The graph only goes up to 2000, and if my experience is anything to go by, the gold rush by patent trolls to sue deep pocket companies has only increased since then. This seems like a pretty clear and quantitative sign that something is rotten in the state of non-chemical patents, since infringement penalties were meant to be a deterrent to trespassing on someone else's IP, not the main way of making money from inventions. Either the non-chemical industries are full of bad actors stealing other people's ideas, or it's simply not possible to avoid being vulnerable to patent infringement actions, since there's obviously a big financial incentive to not infringe and it's still happening.
Tim digs up a couple of reasons why there might be such a difference between the two sectors. With chemical compounds, there's a very standard way of describing them in a formula, and so it's a simple process to search patents and see if what you've discovered has already been claimed. By contrast, with software patents it's literally impossible to first find all the relevant patents, and then tell if you're infringing.

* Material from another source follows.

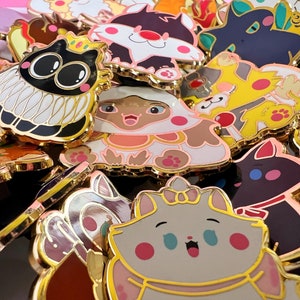 Nostalgia Kitty Enamel Pin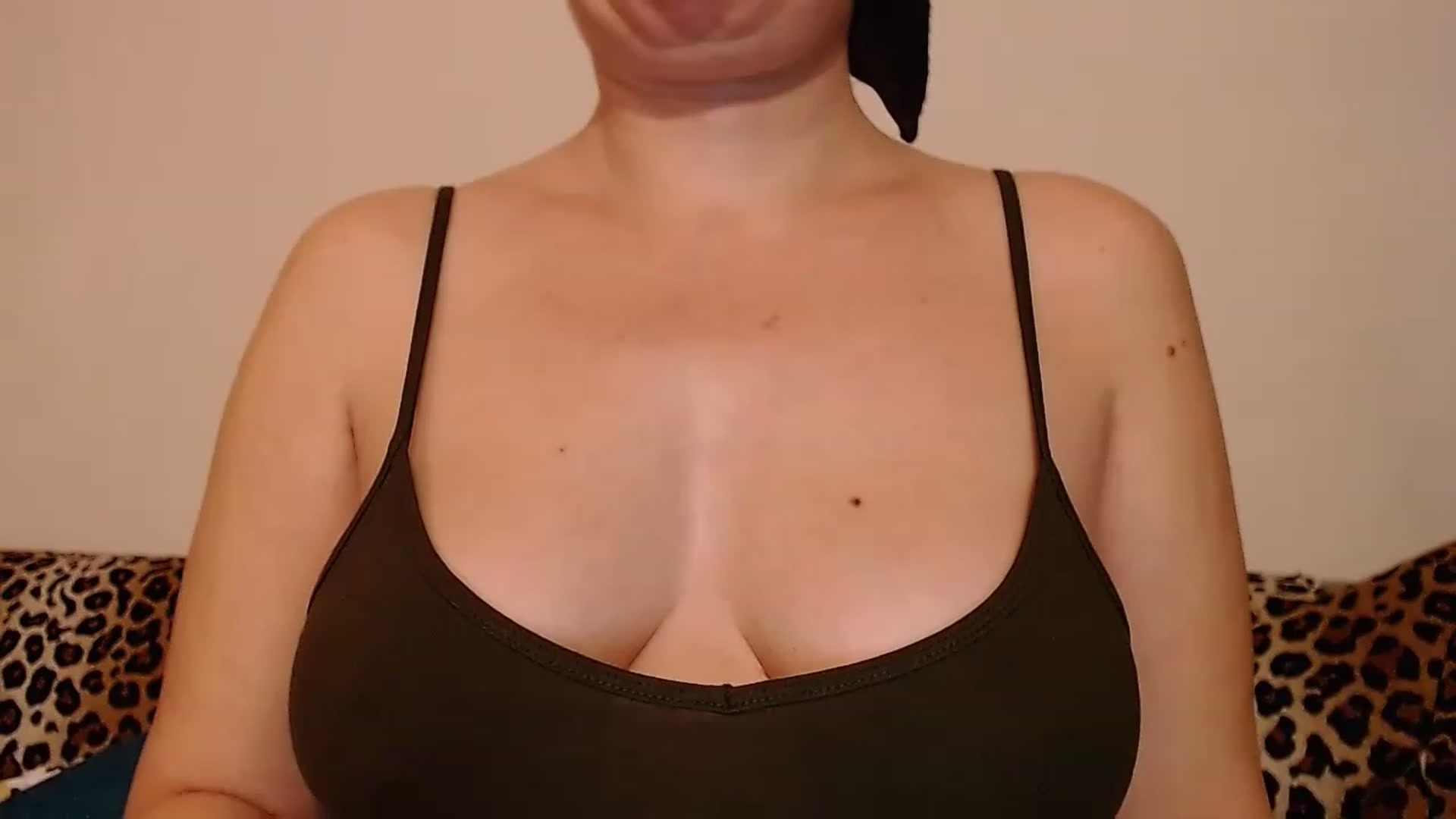 Gallery image thumbnail from Bite_Me__'s myfreecams stream on, 12/18/2022, 20:20 image 13 of 20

Searching patents for software and expecting to find all or even most is like searching the web for every page that talks about a subject. There's an almost infinite set of natural language variations that might find what you're after, and any search will also bring up a large number of irrelevant results. Worse, it's not obvious even to patent attorneys if a given piece of engineering infringes a patent. Tim gives the great example of the point-of-sale kiosk patent that suddenly got accepted as applying to websites with no physical presence. Not even an attorney would have imagined that was relevant until the court decision accepted its broad scope.

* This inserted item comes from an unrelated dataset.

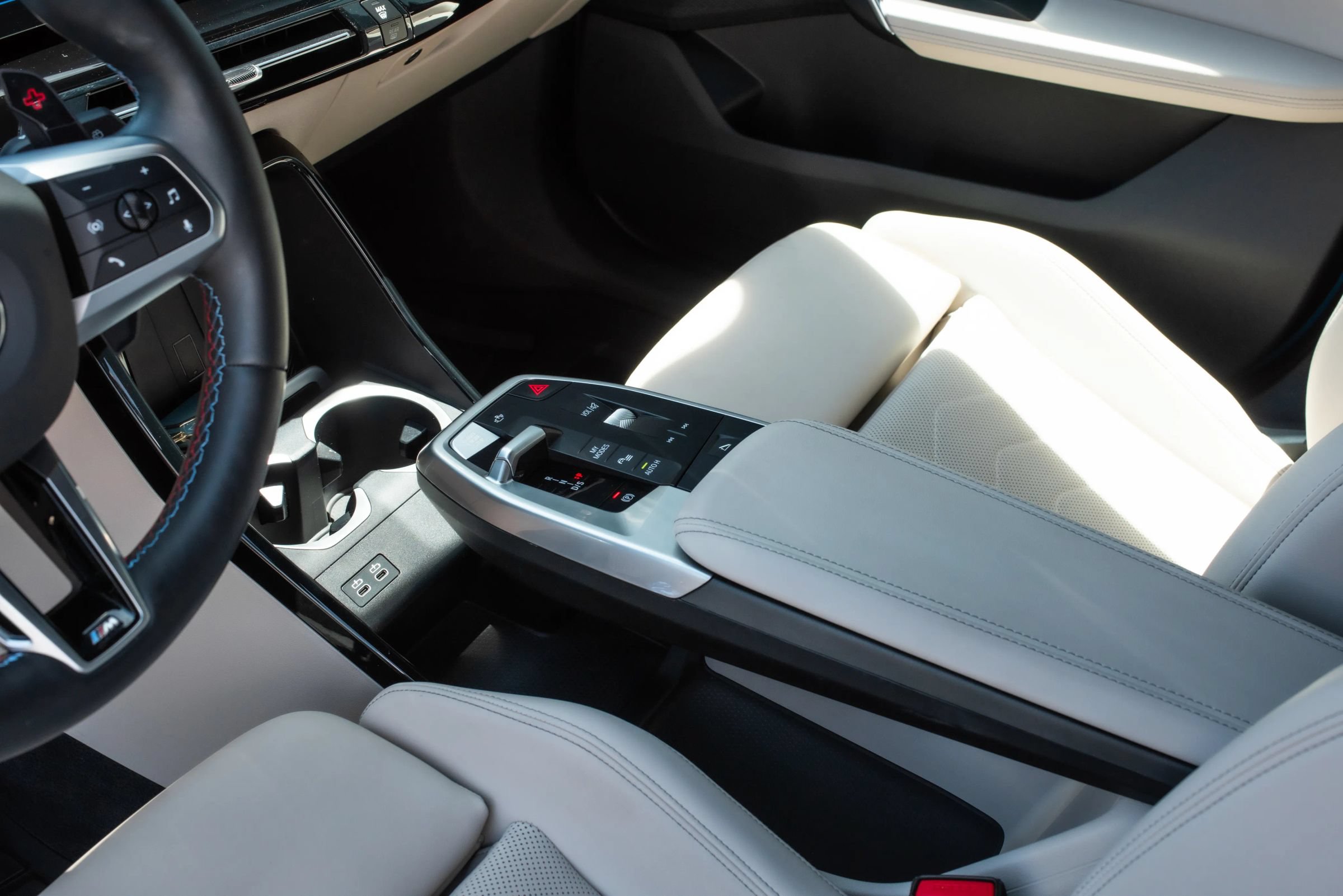 Used 2025 BMW X1 M35i w/ Shadowloine Package AWD/4WD image 15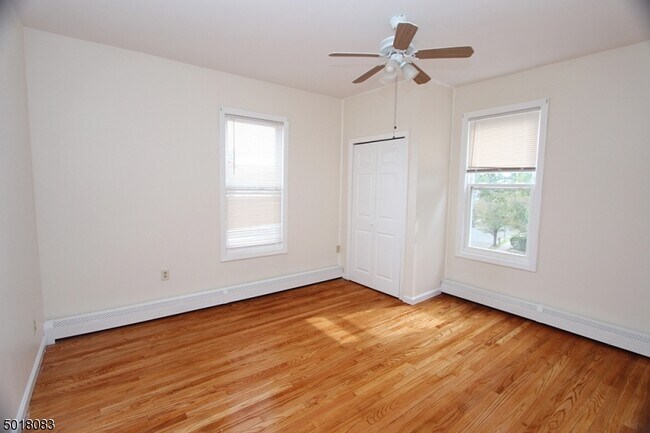 Building Photo - 8 Jerome Ave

The original rationale behind patents was to distribute information about new inventions in exchange for a temporary monopoly for the inventor. Software patents are almost entirely useless as an information source, and it's pretty obvious from these figures that their main effect is as an employment boon for lawyers and patent trolls who produce nothing that helps society. The damage to the software industry in stifled innovation is huge, when patents were supposed to do exactly the opposite.